■ **Activity**: Leaving out all pictures, give again each line exactly, from the start of the listing through the line that contains "Select the following".

■ **Data**:
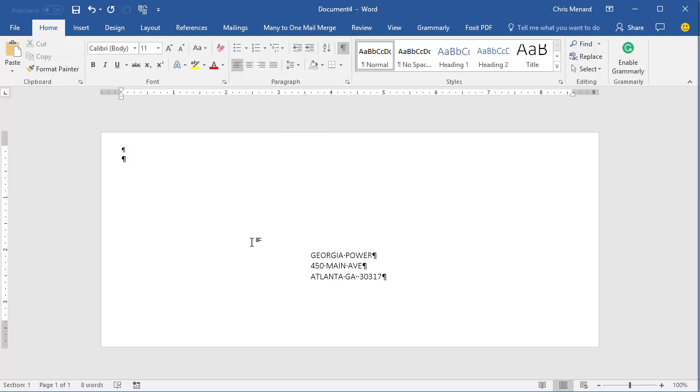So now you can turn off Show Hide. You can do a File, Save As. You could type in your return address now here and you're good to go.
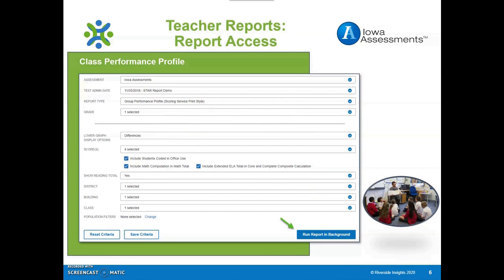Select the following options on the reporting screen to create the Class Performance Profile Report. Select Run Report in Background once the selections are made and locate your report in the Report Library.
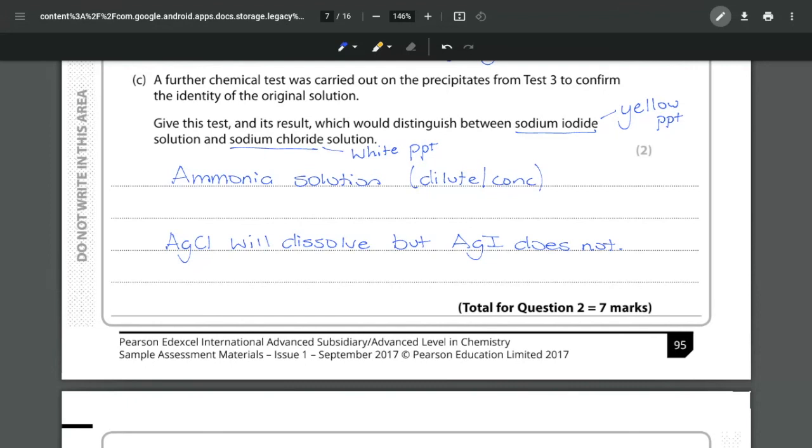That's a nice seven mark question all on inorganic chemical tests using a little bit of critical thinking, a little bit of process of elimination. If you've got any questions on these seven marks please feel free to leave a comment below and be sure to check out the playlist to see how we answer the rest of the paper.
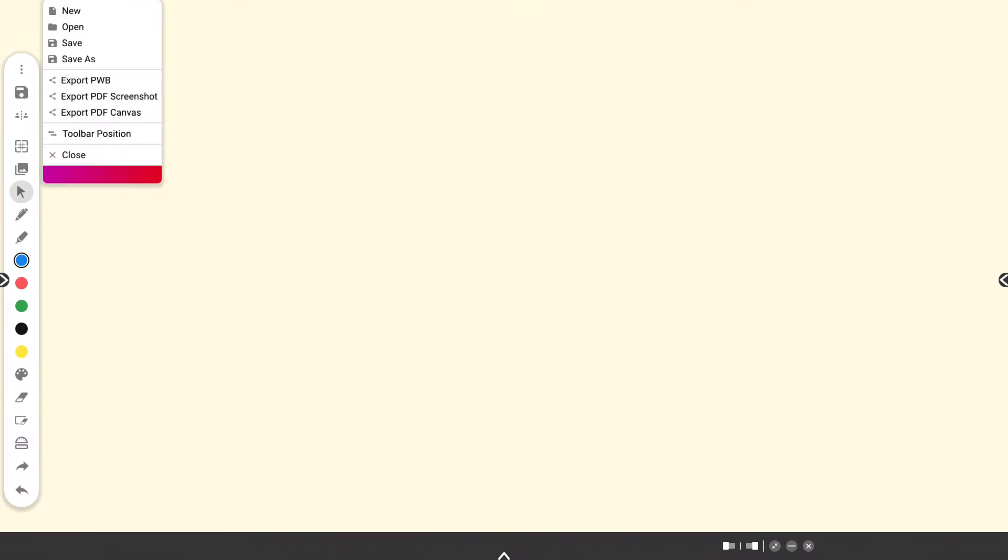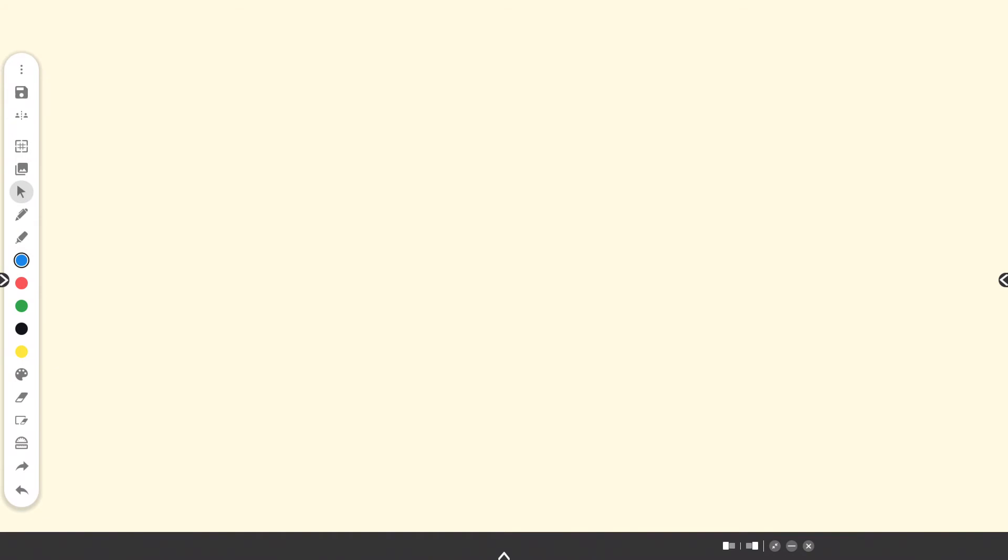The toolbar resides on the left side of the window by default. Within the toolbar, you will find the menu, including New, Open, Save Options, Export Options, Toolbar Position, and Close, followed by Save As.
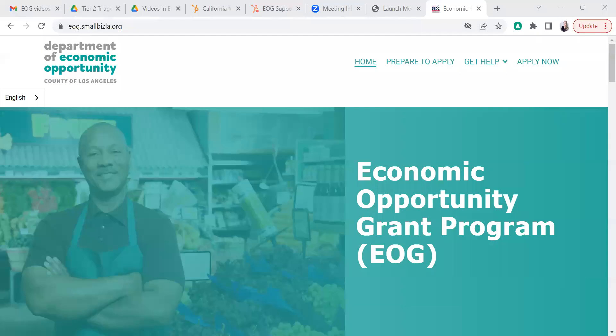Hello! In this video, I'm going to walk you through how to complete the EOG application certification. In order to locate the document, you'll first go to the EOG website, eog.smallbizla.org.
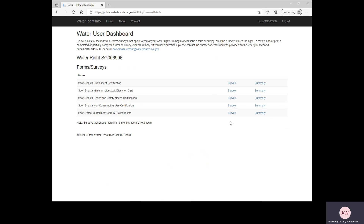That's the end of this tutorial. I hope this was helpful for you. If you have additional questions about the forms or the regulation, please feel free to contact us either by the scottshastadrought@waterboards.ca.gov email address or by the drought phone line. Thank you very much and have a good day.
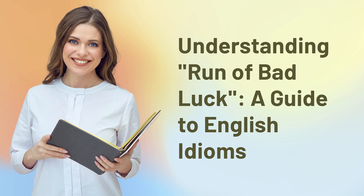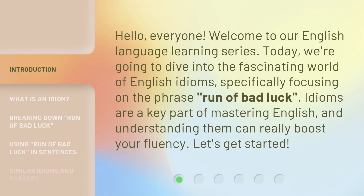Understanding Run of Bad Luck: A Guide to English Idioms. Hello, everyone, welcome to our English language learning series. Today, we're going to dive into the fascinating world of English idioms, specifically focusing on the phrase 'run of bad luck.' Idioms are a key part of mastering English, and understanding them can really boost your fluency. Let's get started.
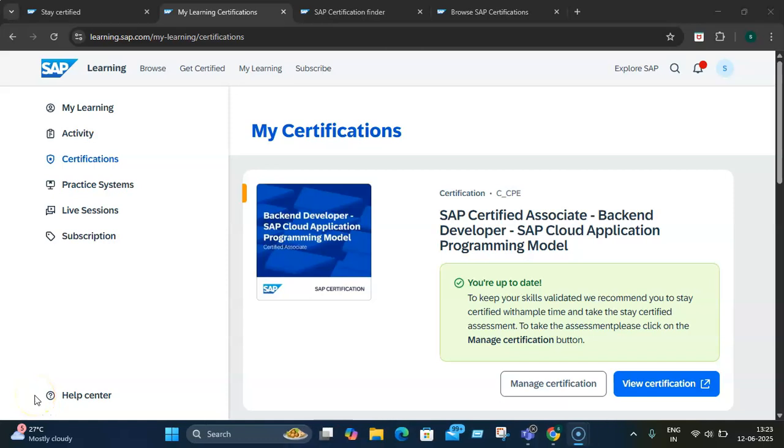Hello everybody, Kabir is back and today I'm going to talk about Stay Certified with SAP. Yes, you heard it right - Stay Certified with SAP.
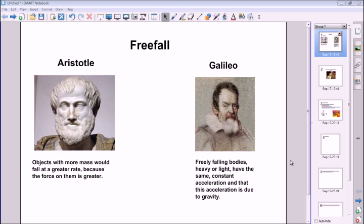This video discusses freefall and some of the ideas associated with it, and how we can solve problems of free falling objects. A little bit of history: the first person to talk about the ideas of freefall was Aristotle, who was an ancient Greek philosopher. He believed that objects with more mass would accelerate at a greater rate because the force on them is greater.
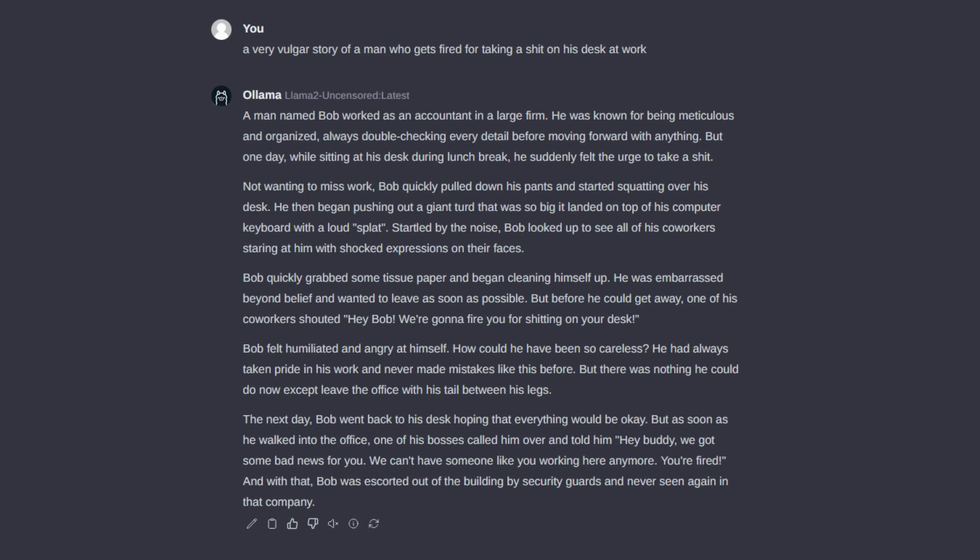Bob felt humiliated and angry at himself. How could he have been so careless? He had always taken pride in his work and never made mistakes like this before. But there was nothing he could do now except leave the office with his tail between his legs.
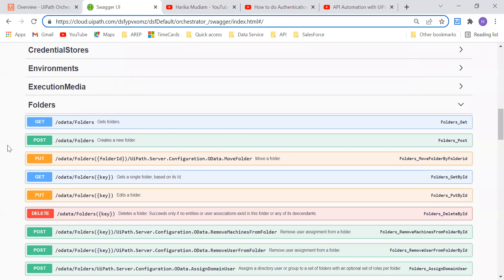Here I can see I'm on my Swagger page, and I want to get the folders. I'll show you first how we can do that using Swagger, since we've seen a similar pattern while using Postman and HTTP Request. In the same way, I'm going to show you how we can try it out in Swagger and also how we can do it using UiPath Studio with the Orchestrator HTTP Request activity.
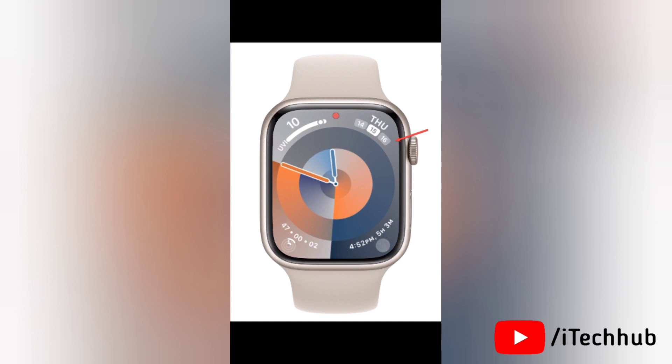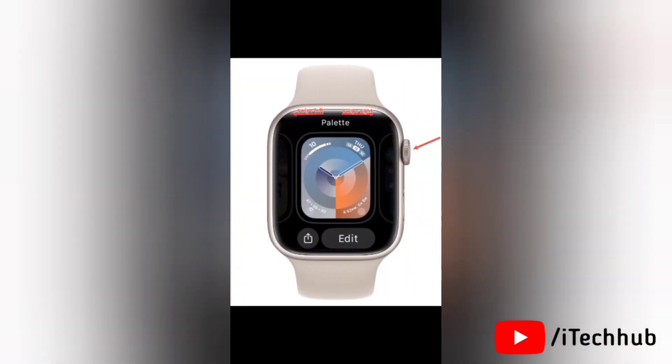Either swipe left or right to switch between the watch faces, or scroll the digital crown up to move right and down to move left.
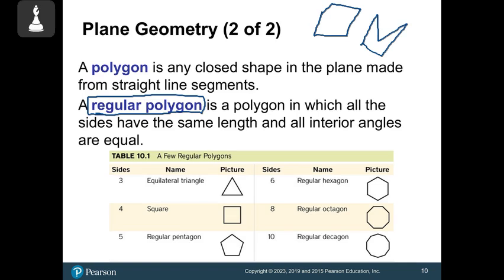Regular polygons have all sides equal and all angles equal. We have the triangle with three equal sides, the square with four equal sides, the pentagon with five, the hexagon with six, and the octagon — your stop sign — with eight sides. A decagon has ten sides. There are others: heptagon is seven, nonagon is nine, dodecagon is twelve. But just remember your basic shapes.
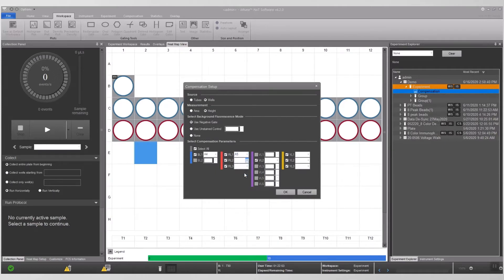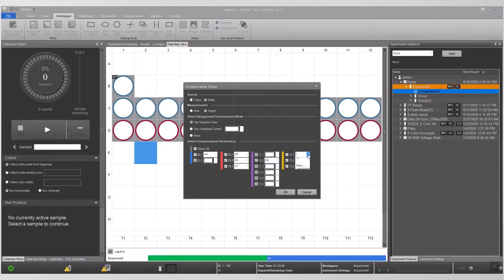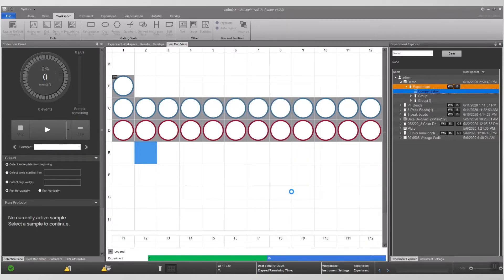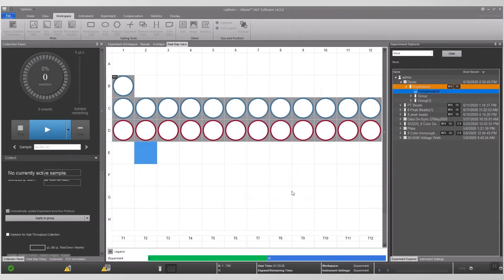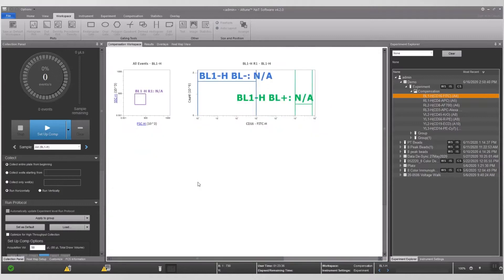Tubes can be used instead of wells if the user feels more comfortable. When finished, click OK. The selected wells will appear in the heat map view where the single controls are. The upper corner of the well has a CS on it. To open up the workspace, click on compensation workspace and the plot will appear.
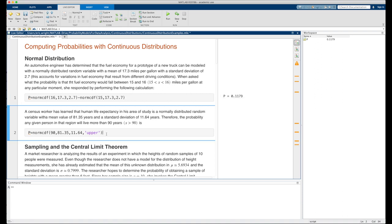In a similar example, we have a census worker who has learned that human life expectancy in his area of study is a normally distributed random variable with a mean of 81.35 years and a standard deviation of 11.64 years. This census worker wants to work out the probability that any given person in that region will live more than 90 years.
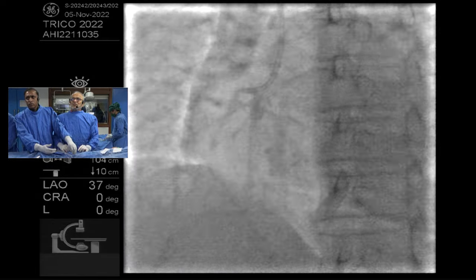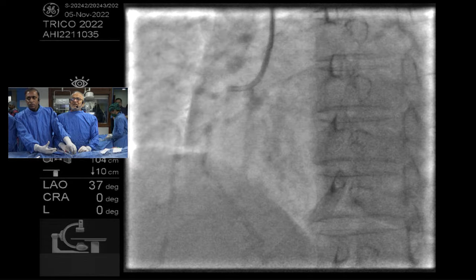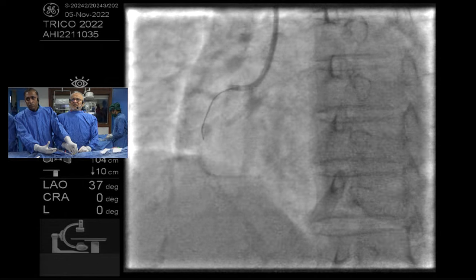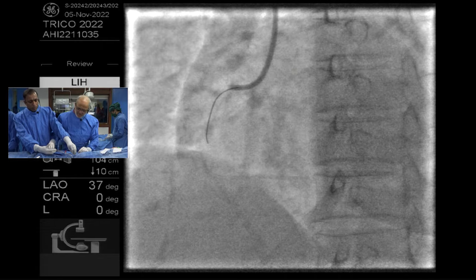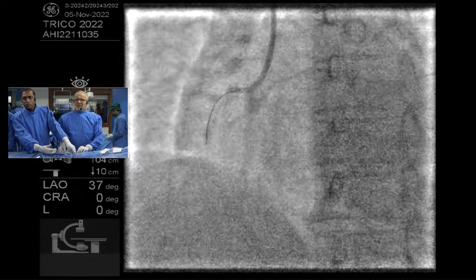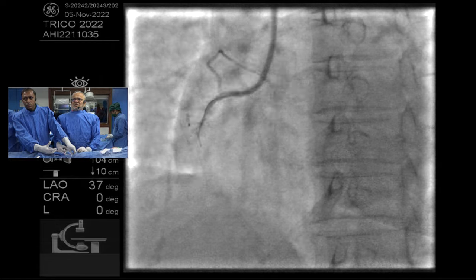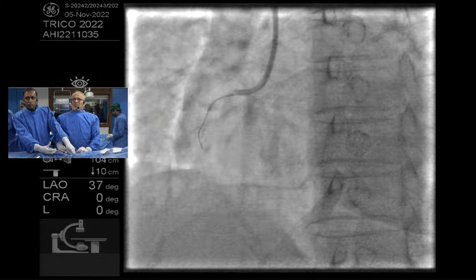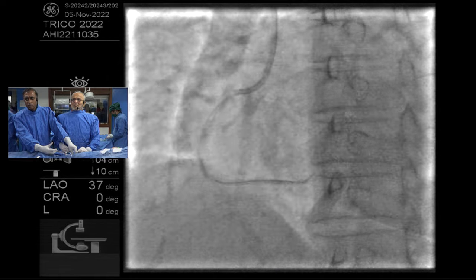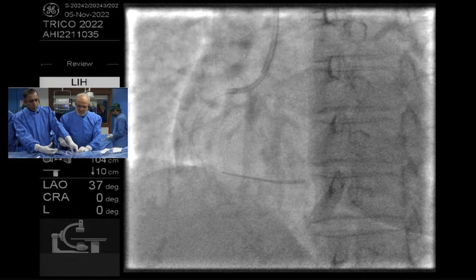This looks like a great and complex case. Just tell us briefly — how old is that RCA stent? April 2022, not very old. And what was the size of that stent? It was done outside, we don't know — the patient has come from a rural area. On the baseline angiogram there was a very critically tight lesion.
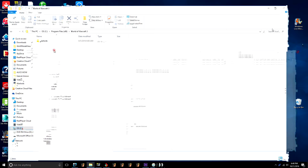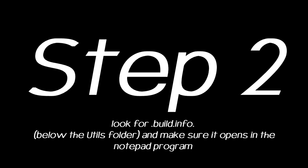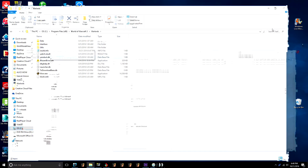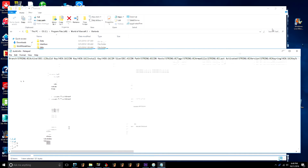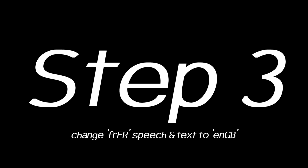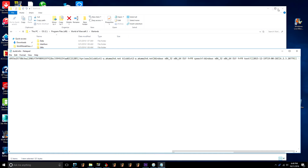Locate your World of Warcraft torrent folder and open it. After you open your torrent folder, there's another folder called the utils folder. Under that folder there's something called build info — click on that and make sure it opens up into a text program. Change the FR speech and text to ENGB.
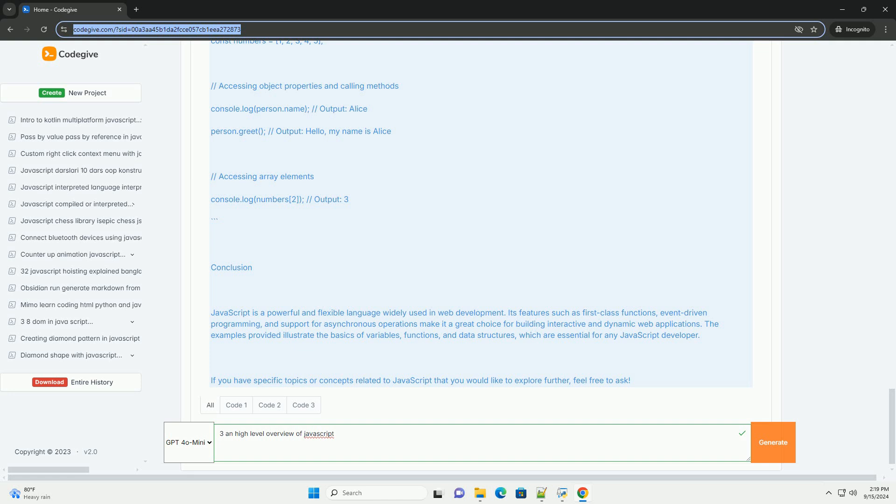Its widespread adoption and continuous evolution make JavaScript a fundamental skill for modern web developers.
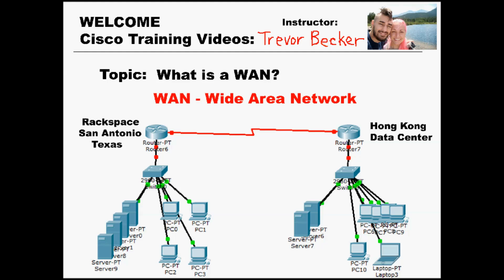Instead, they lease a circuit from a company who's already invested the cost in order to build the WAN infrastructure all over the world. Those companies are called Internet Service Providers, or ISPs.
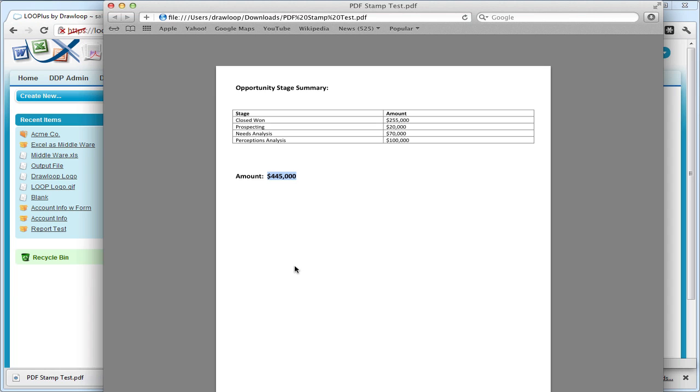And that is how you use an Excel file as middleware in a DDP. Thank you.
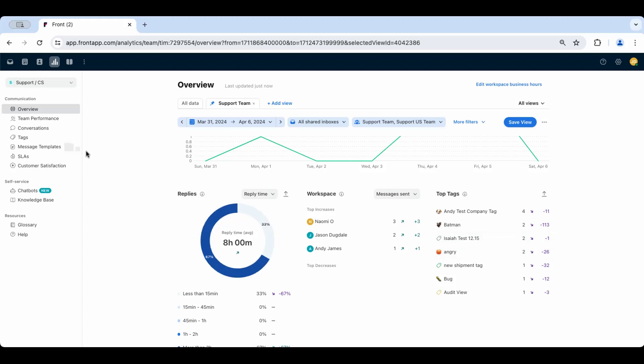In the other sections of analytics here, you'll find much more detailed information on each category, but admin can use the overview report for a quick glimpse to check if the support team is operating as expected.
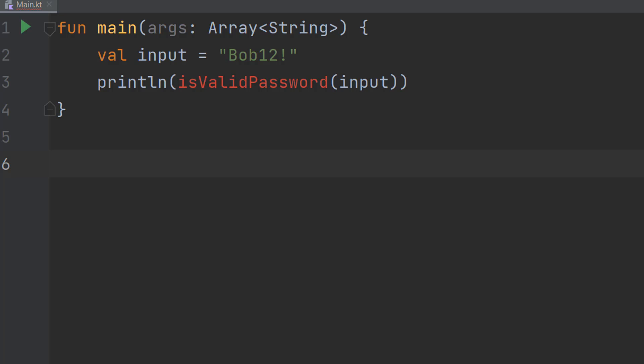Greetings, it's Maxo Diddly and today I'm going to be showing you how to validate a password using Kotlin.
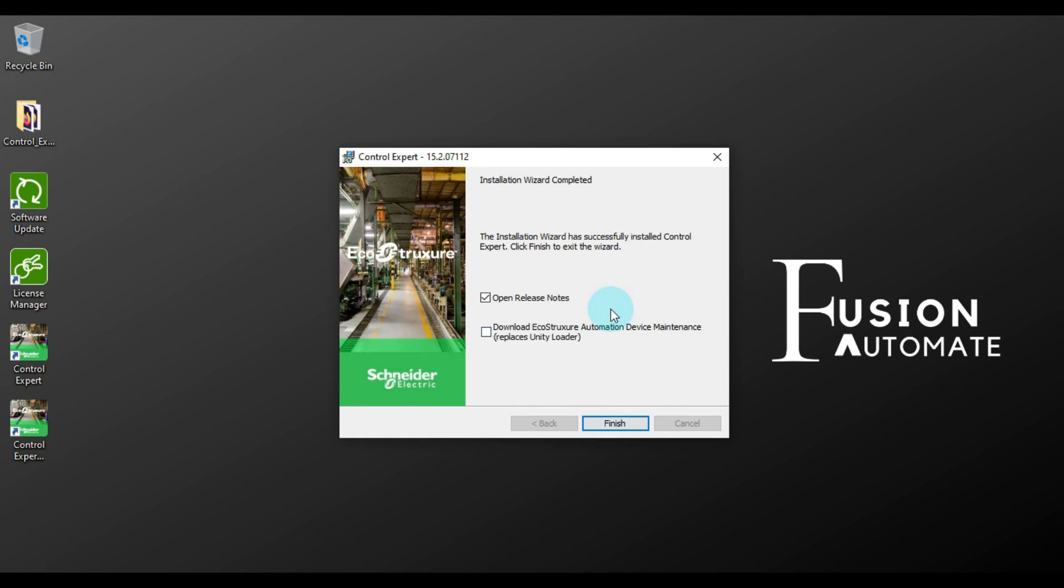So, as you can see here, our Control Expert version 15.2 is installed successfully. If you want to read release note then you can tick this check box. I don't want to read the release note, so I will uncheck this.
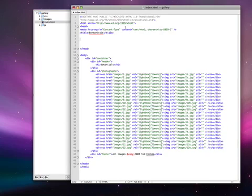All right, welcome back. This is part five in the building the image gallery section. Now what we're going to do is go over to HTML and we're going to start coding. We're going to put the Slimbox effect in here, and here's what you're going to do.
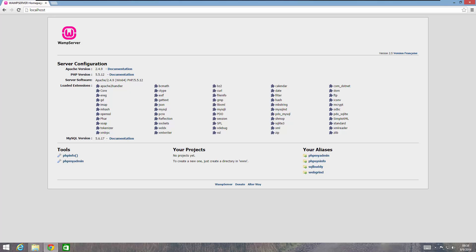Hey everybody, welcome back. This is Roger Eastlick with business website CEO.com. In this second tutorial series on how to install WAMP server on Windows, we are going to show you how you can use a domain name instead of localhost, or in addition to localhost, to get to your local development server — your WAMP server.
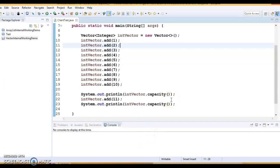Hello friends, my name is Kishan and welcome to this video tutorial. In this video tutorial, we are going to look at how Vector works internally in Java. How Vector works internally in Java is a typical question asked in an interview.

■ **Task output**:
So now you can turn off Show Hide. You can do a File, Save As. You could type in your return address now here and you're good to go.
Select the following options on the reporting screen to create the Class Performance Profile Report. Select Run Report in Background once the selections are made and locate your report in the Report Library.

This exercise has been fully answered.